INSTRUCTIONS TO FOLLOW >>
Pictures are to be left out. Return exactly the lines below from the one with "楽天市場】COACH コーチ 腕時計 時計 レディース アナログ シンプル 革" up to and including the one with "Nylon ass wanting a anal creampie".

EXERCISE MATERIAL >>
========================
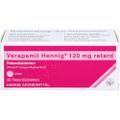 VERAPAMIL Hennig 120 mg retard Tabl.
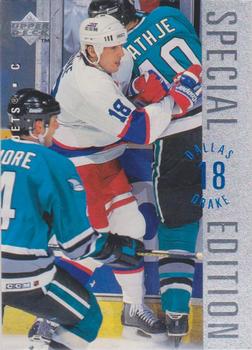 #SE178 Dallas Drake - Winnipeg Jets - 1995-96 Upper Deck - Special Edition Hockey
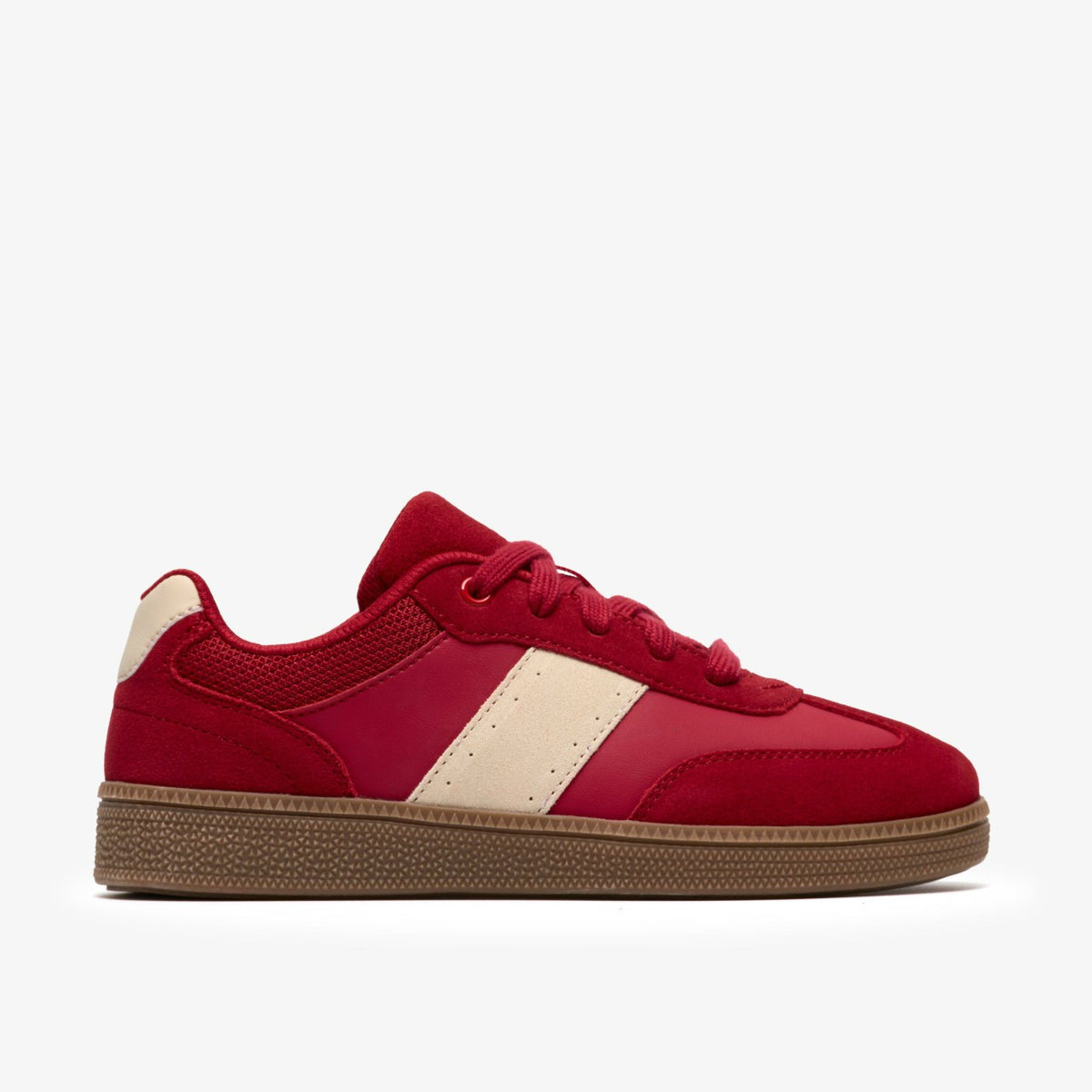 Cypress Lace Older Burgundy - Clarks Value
========================
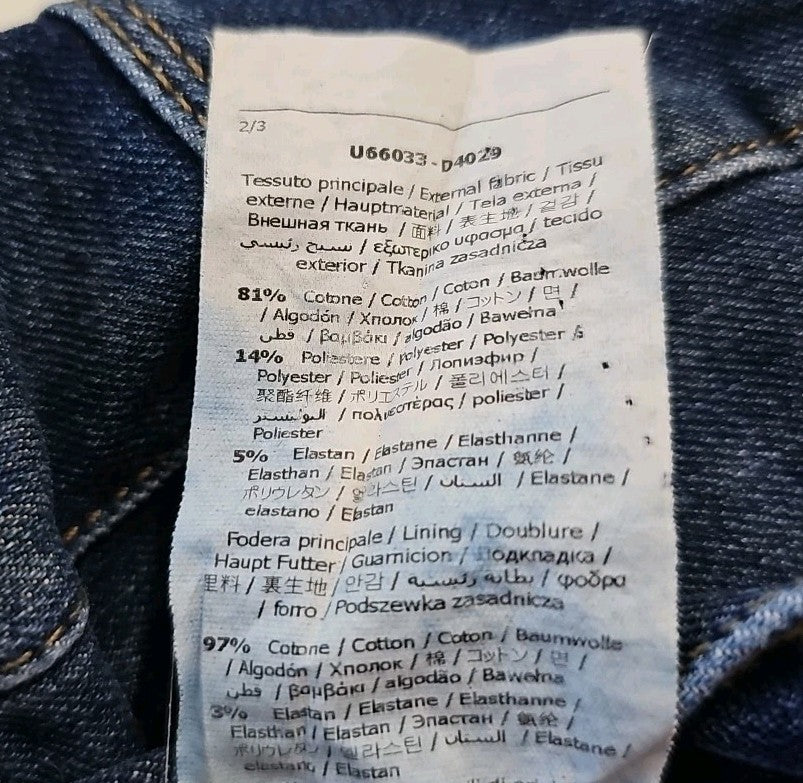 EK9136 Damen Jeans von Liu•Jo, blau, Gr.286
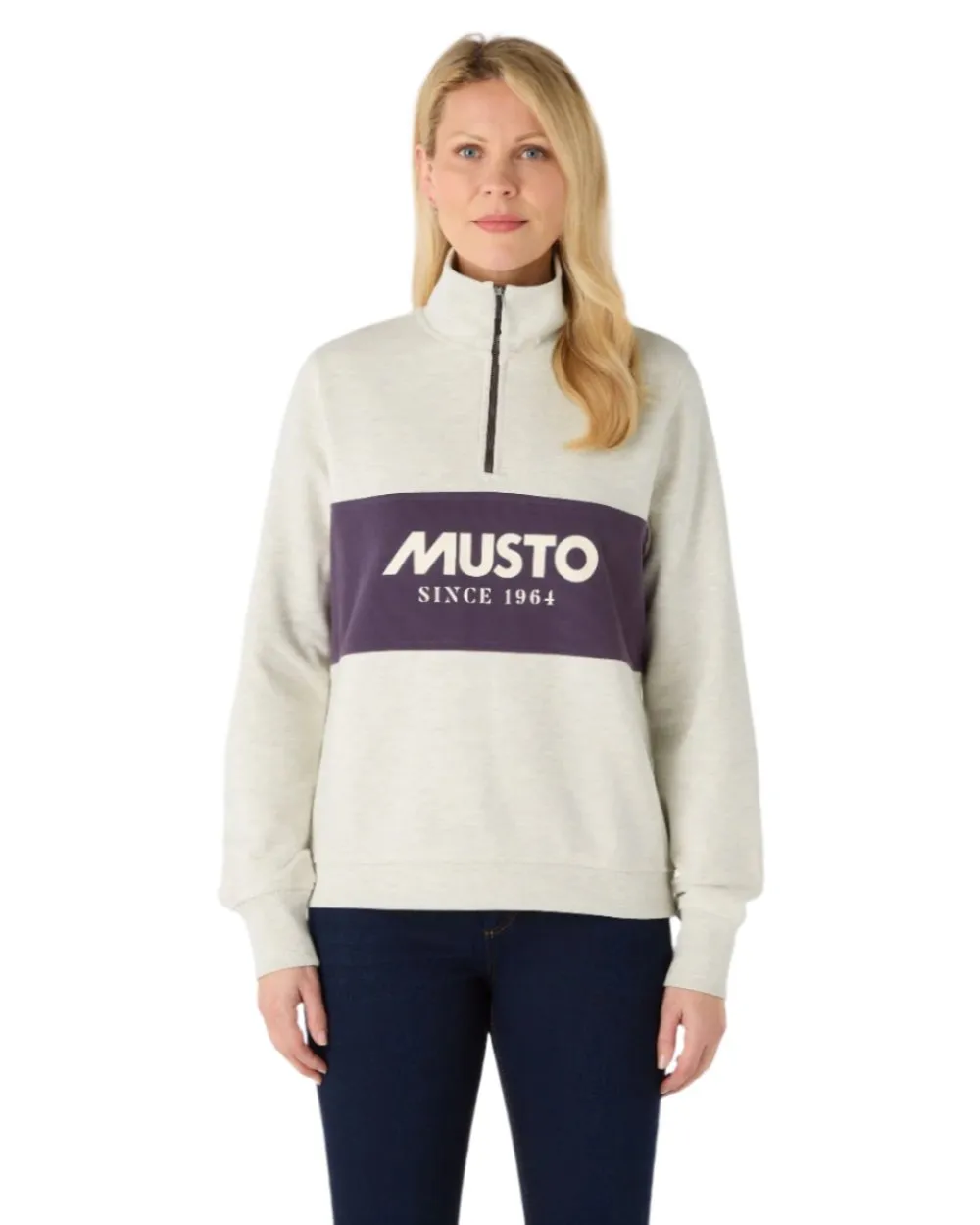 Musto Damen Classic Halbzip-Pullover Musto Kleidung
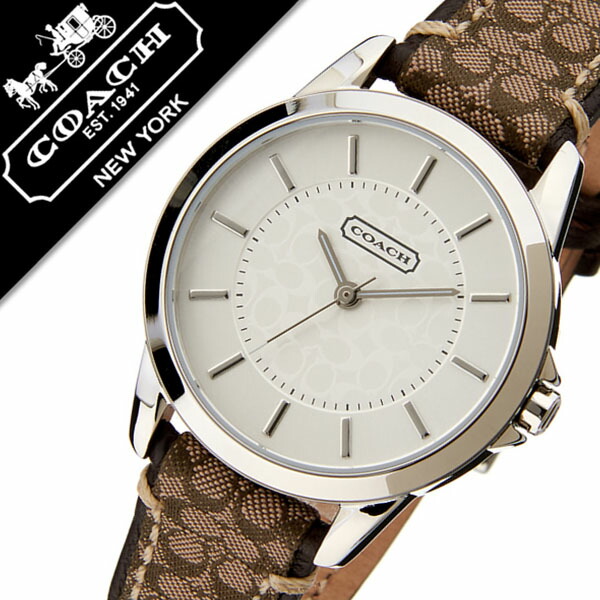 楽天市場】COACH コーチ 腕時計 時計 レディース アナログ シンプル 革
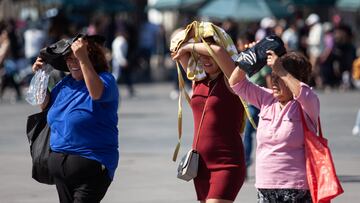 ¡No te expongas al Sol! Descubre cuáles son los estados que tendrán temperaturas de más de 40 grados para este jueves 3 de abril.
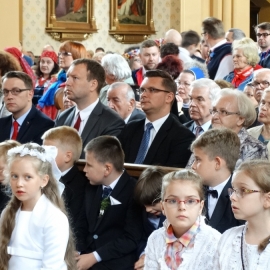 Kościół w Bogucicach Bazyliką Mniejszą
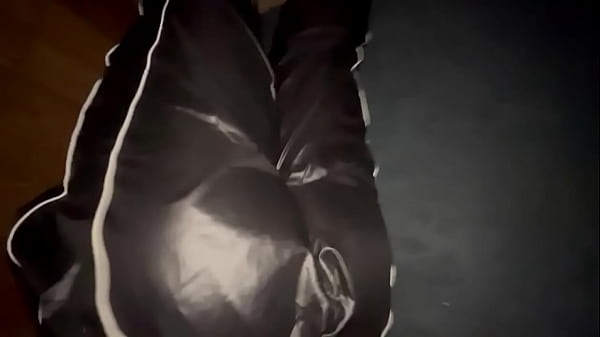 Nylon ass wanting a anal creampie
========================
EXPECTED ANSWER >>
 楽天市場】COACH コーチ 腕時計 時計 レディース アナログ シンプル 革
 ¡No te expongas al Sol! Descubre cuáles son los estados que tendrán temperaturas de más de 40 grados para este jueves 3 de abril.
 Kościół w Bogucicach Bazyliką Mniejszą
 Nylon ass wanting a anal creampie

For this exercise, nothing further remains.